(DATA TO PROCESS)

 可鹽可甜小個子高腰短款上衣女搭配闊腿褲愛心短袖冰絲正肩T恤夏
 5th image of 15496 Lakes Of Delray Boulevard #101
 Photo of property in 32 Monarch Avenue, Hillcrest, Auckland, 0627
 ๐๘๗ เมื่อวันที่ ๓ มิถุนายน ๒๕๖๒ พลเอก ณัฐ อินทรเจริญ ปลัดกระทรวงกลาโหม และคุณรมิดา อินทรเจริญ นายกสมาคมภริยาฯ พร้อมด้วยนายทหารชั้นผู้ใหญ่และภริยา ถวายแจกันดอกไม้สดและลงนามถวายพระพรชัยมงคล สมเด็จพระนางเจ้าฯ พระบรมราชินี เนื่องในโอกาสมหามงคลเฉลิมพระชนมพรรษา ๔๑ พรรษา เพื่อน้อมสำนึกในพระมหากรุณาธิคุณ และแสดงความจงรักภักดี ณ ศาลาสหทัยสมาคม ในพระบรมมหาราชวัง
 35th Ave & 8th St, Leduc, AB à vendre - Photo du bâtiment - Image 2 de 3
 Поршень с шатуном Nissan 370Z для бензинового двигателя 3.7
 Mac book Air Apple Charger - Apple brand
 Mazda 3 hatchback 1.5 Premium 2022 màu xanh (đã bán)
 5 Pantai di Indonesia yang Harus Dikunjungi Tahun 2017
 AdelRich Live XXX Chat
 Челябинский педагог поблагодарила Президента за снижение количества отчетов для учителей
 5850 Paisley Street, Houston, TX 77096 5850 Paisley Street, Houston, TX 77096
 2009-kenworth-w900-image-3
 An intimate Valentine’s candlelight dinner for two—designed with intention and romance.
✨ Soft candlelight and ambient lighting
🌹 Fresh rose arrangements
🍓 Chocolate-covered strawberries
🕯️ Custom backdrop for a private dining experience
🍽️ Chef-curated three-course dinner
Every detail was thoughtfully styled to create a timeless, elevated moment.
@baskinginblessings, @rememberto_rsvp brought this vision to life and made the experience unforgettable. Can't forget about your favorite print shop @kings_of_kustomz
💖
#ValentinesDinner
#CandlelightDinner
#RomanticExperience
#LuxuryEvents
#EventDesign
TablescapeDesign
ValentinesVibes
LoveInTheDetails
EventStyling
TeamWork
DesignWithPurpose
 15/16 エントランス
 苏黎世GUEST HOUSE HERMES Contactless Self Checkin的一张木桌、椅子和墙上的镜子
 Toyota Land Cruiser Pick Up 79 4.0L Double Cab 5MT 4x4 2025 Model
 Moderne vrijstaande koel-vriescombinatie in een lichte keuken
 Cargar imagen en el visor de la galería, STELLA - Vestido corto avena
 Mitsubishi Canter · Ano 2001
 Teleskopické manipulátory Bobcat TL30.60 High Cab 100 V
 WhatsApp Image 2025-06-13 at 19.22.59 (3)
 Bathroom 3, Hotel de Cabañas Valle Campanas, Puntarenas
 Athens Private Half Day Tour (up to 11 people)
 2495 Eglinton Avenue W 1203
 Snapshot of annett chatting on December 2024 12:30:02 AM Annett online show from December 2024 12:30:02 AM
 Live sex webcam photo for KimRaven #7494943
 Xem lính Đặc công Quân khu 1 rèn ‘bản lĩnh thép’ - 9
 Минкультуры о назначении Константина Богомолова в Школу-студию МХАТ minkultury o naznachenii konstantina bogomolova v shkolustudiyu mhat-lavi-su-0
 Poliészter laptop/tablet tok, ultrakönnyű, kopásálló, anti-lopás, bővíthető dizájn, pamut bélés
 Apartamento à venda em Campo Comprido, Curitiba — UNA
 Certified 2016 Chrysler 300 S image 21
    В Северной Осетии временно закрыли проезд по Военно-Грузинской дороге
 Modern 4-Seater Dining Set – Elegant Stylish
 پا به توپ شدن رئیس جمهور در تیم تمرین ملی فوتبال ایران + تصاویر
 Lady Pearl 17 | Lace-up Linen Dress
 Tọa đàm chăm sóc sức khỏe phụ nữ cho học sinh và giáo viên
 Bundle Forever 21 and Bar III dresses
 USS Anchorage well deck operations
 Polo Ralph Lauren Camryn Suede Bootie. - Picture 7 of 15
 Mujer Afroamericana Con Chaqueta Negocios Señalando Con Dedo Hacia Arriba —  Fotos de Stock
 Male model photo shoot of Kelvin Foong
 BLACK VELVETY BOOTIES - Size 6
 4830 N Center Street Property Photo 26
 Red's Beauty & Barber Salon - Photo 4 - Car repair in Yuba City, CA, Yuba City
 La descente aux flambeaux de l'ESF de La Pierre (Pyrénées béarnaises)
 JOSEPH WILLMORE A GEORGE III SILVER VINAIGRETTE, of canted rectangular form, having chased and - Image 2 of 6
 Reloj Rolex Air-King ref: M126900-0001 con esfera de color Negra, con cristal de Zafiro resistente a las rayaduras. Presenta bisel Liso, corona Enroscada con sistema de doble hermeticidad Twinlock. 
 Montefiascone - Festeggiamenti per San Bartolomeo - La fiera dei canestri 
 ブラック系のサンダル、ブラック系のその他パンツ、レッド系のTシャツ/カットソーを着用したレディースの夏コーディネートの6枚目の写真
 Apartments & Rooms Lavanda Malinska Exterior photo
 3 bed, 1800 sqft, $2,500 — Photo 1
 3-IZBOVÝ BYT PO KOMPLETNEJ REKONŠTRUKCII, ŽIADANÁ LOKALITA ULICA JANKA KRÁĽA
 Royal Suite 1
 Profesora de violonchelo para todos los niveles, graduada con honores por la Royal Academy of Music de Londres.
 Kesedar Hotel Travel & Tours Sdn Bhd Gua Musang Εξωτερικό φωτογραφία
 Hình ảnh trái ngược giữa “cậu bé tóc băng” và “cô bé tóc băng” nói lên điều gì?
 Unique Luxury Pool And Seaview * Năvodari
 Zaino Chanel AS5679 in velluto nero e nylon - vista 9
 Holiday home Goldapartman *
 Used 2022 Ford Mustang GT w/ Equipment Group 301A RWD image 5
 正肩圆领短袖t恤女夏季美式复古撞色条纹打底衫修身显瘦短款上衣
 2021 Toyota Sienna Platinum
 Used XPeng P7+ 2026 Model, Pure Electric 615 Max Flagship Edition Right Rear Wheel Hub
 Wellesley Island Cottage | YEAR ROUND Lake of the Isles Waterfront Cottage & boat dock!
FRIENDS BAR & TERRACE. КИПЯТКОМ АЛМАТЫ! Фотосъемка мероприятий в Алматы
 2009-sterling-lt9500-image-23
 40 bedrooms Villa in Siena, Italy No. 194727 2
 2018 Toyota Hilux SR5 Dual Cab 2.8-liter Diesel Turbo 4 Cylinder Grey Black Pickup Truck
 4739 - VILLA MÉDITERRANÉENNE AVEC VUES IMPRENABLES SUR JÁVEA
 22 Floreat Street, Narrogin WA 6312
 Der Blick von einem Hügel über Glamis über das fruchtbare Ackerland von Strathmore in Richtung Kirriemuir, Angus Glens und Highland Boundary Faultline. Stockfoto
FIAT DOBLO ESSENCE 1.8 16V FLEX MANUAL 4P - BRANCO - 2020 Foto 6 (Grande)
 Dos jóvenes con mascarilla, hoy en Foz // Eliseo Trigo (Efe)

(End DATA TO PROCESS)

**YOUR TASK:** The word "Hotel" may appear in several lines of the data; copy every line where it does.

**EXERCISE SOLUTION:**
 Bathroom 3, Hotel de Cabañas Valle Campanas, Puntarenas
 Kesedar Hotel Travel & Tours Sdn Bhd Gua Musang Εξωτερικό φωτογραφία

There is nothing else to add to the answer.